* [Problem to work on] Take the line that contains "Vietlott a noviny" and each one after it through the last line below, and retype them exactly. Leave out the pictures.

* [Given entries]
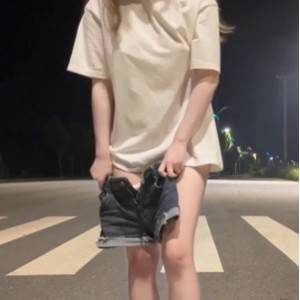 珍藏版洛淼淼定制展示合集13部活塞机福利2.3G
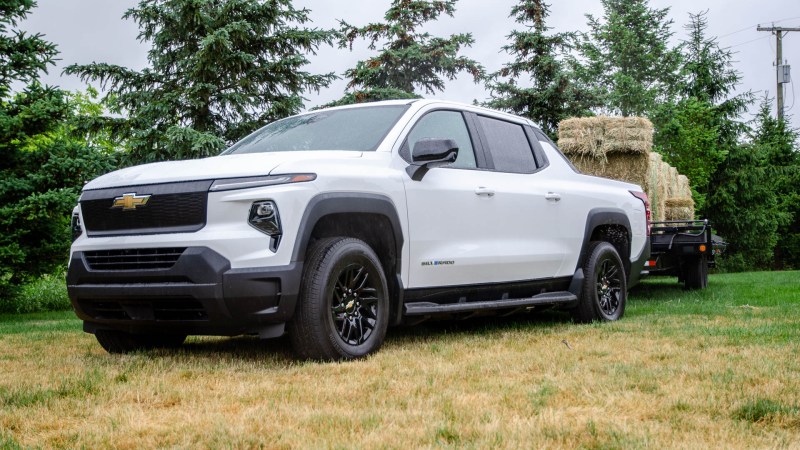 2023 Chevy Tahoe RST Performance Review: Big Ol’ Fella That’s Down to Boogie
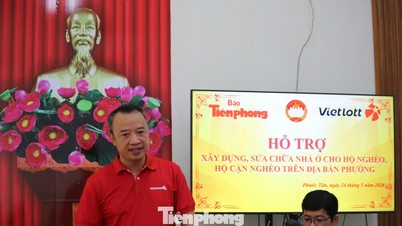 Vietlott a noviny Tien Phong darovaly 200 milionů dongů na výstavbu domů pro lidi v Dong Nai.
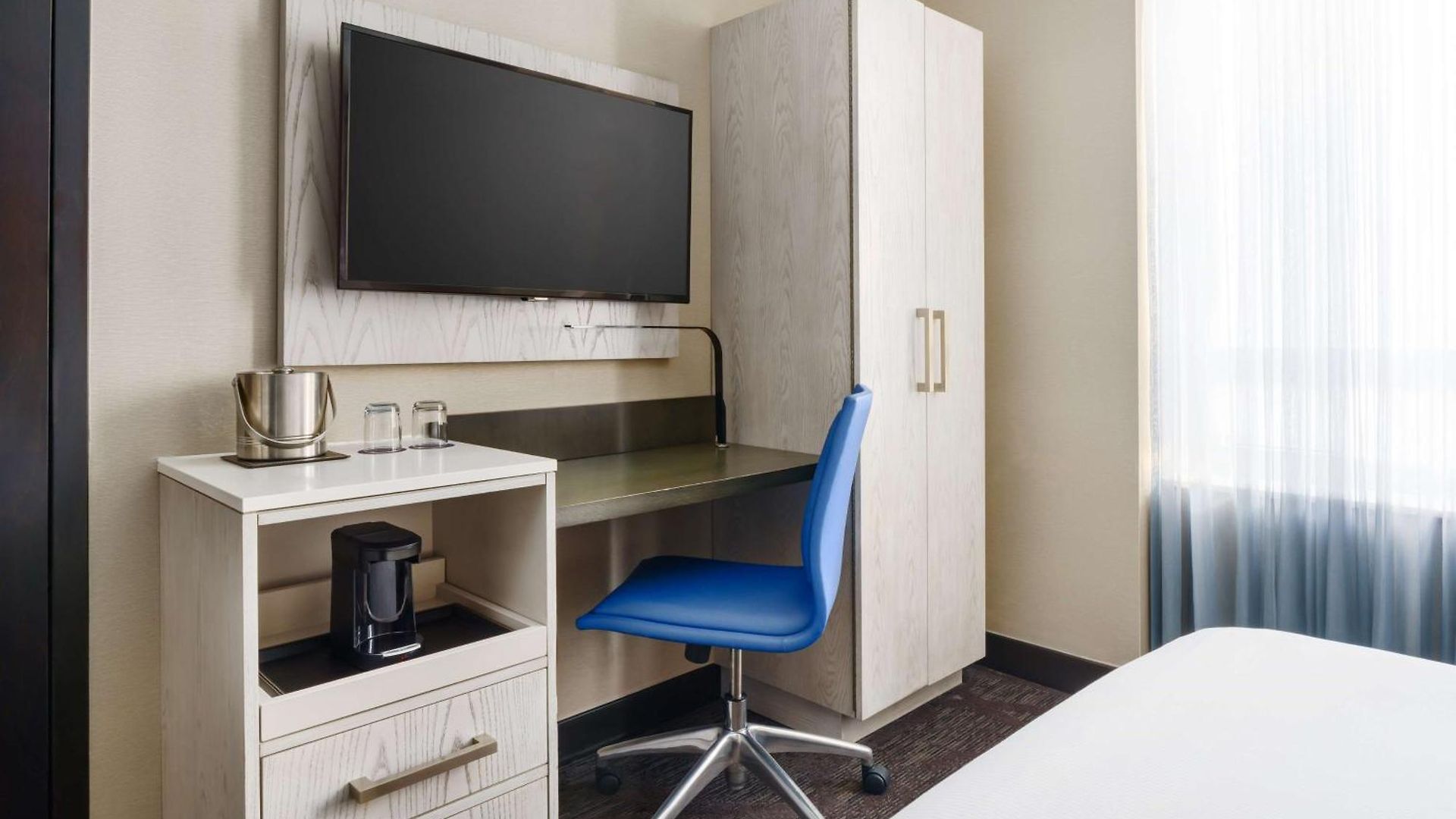 Doubletree By Hilton New York Times Square West 4*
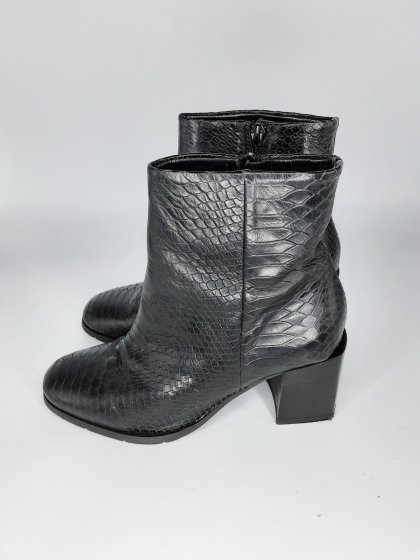 Bottes, bottines de seconde main.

* [Answer box]
 Vietlott a noviny Tien Phong darovaly 200 milionů dongů na výstavbu domů pro lidi v Dong Nai.
 Doubletree By Hilton New York Times Square West 4*
 Bottes, bottines de seconde main.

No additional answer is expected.